Data extracts >>
____
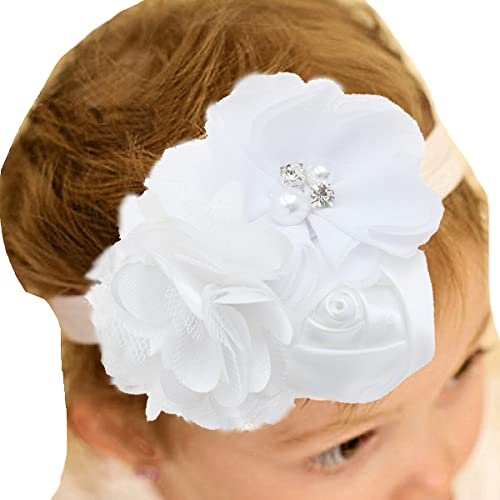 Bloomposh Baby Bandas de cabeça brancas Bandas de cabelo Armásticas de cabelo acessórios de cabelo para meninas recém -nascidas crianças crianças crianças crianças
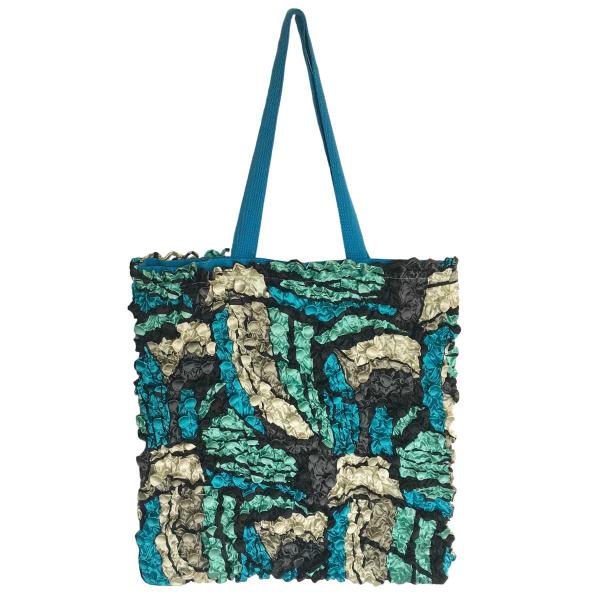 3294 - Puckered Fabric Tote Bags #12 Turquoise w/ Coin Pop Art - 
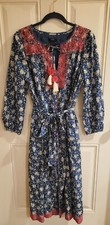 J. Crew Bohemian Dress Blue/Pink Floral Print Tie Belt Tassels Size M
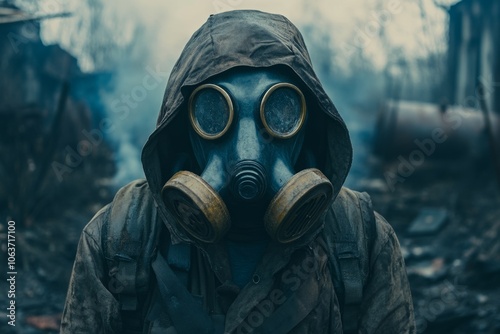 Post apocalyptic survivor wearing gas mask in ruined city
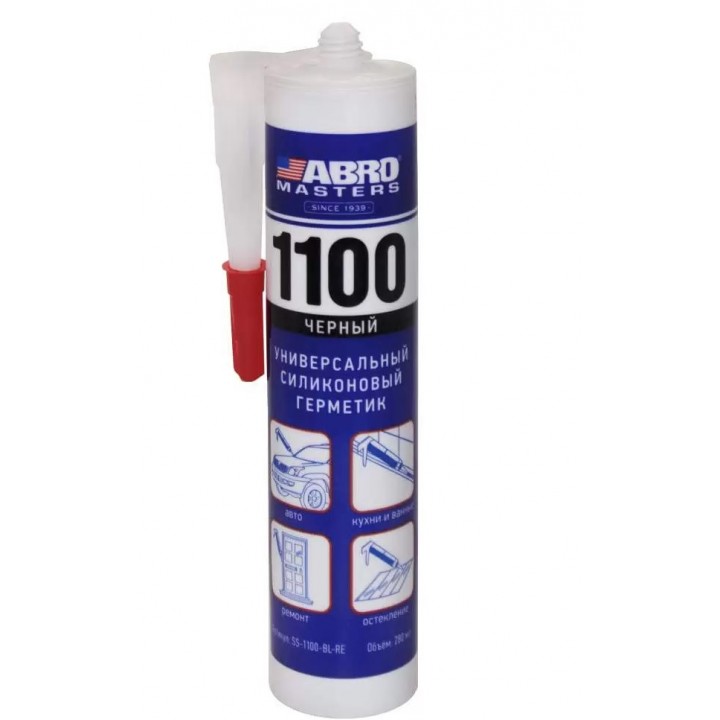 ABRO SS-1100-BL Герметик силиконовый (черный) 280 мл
____
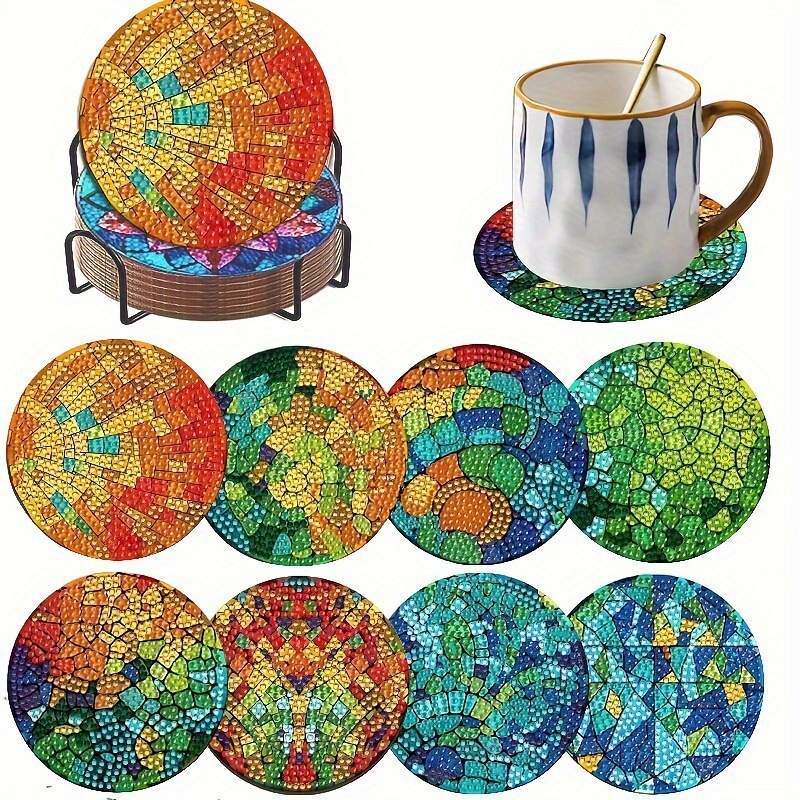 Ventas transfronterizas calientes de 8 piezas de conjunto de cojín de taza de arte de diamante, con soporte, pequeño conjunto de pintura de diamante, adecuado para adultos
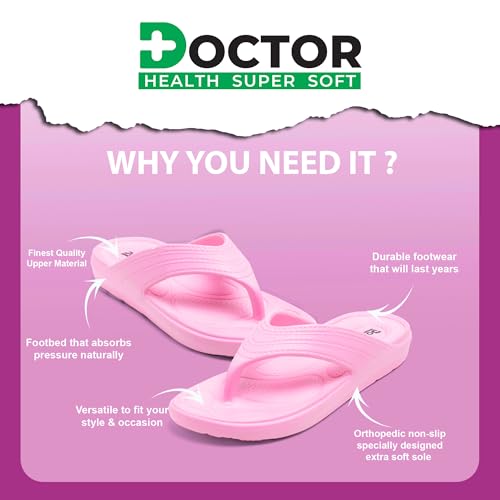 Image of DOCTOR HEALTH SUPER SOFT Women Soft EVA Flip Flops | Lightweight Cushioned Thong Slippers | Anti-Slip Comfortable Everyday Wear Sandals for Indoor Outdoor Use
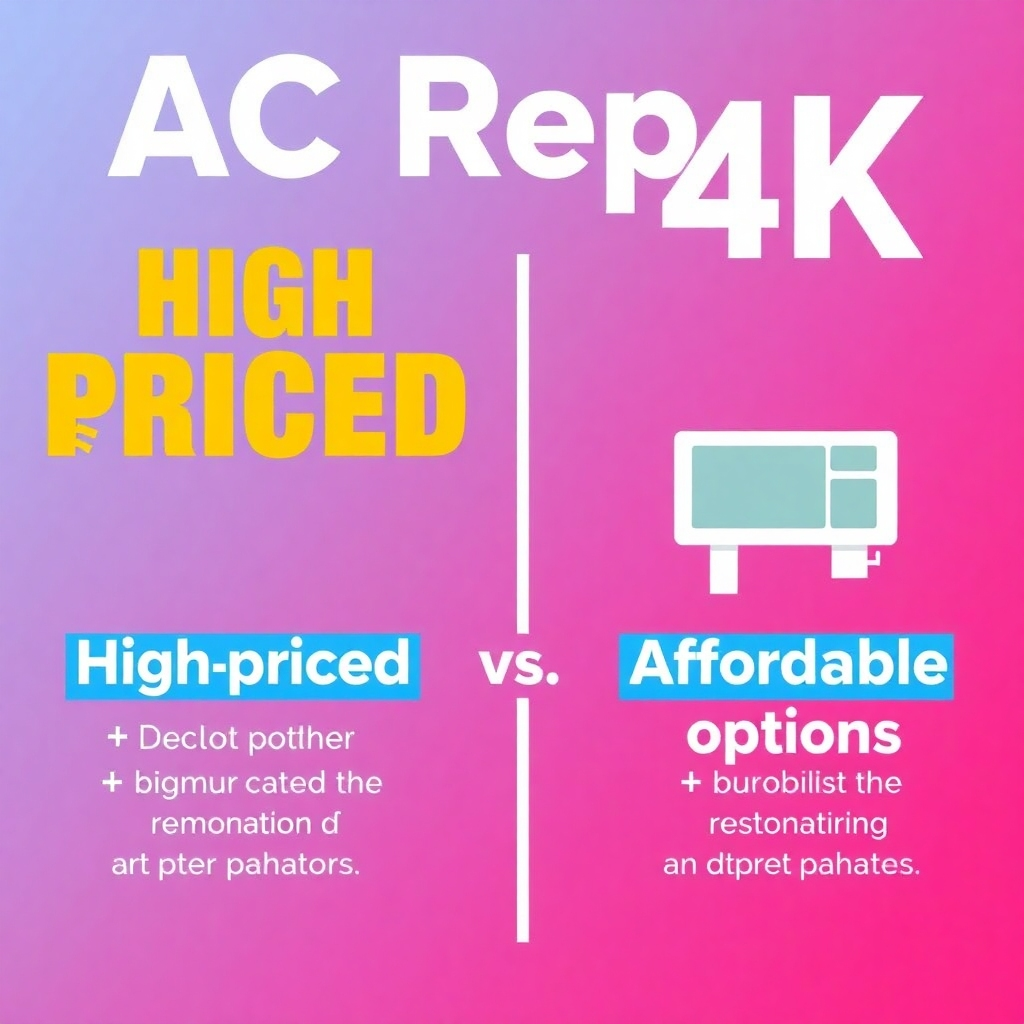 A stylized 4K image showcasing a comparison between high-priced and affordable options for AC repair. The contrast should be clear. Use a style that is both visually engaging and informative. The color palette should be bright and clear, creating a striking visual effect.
____
Everything from the line above that contains "3294 - Puckered" down to the line that contains "ABRO SS-1100-BL Герметик" must be reproduced exactly, both ends included. Omit the pictures.

Exercise answer >>
 3294 - Puckered Fabric Tote Bags #12 Turquoise w/ Coin Pop Art - 
 J. Crew Bohemian Dress Blue/Pink Floral Print Tie Belt Tassels Size M
 Post apocalyptic survivor wearing gas mask in ruined city
 ABRO SS-1100-BL Герметик силиконовый (черный) 280 мл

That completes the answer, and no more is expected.